Terco, debido a su pobreza ideológica y política, el Sr. Rajoy recita ante los catalanes, una y otra vez, su mantra sobre la inevitable obediencia a la ley, cuando el problema es precisamente la ley, como sucede siempre cuando el pueblo, el que sea, reclama una nueva legalidad capaz de ordenar su vida de distinta forma. Habrá que repetirlo mil veces: la ley es un mecanismo adjetivo con límites circunstanciales que tiene por objetivo ahormar el orden social y político que ha decidido vivir la calle en un momento dado; orden que ahora precisa otros parámetros legales, ordinarios o constitucionales, por no estar los ciudadanos alojados en un ámbito social o nacional que ya no es válido. Estamos, pues, en una hora en que la legalidad ha de ser recreada desde la raíz nutricia que constituye la soberana voluntad del pueblo, en este caso concreto, del pueblo catalán.

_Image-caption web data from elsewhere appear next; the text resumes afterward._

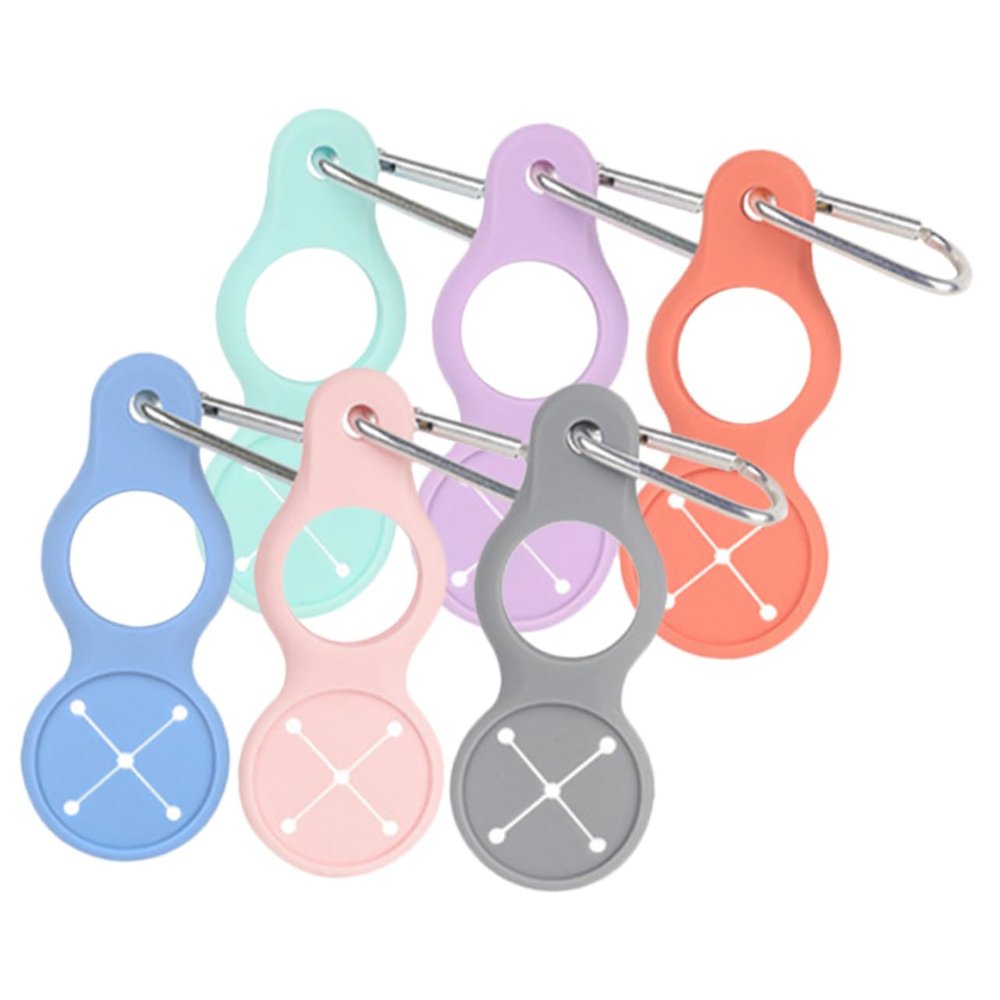 HONMEET 6-Pack Silicone Bottle Carabiners with Alloy for Backpacks and Camping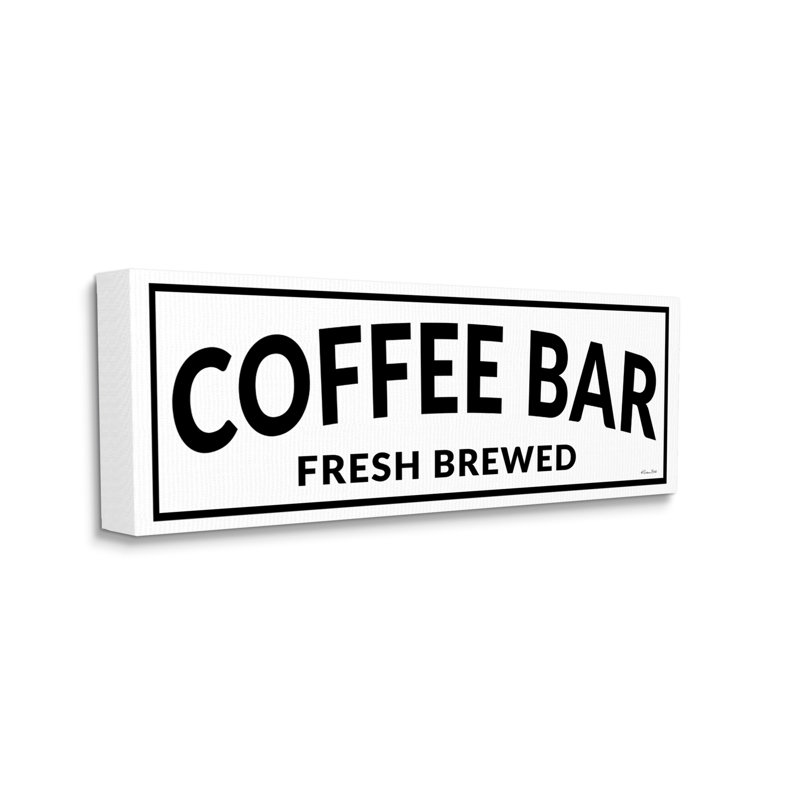 «Coffee Bar Typographie Minimal Style Cafe» par Susan Ball - Art textuel, H 13 po x l 30 po x P 1,5 po, Toile tendue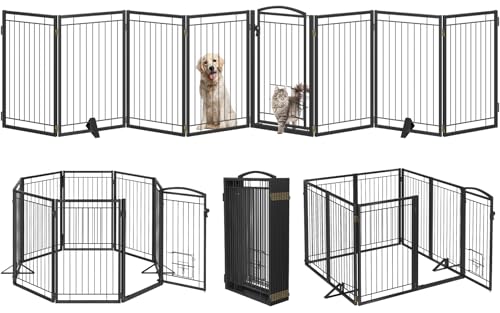 Full Metal Freestanding Dog Gate with Cat Door for Indoor & Outdoor (Black / 【8 Panels with Door】160"W×32"H)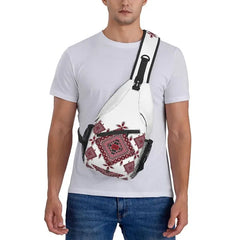Arabic Palestinian Tatreez Cross Embroidery Sling Chest Bag Art Shoulder Crossbo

Es evidente, repitamos, que la ley brota de la vida de un pueblo a fin de servirle. De un pueblo que, además, se siente acorralado en el patio trasero de un Estado que no soporta. Pero el problema estriba fundamentalmente en que el Sr. Rajoy no cree que exista una nación catalana. No la ve. Y envenena día a día a toda la ciudadanía del Estado a la que avisa que los nacionalistas catalanes son sólo unos peligrosos corsarios españoles que ahora ondean al viento una ilegal bandera de combate ante unos ciudadanos que sufren por un intenso desamor patriótico y únicamente pretenden retornar a los hermanos rebeldes al orden patrio ¿Pretende el Sr. Rajoy alcanzar una meta razonable con discurso tan elemental?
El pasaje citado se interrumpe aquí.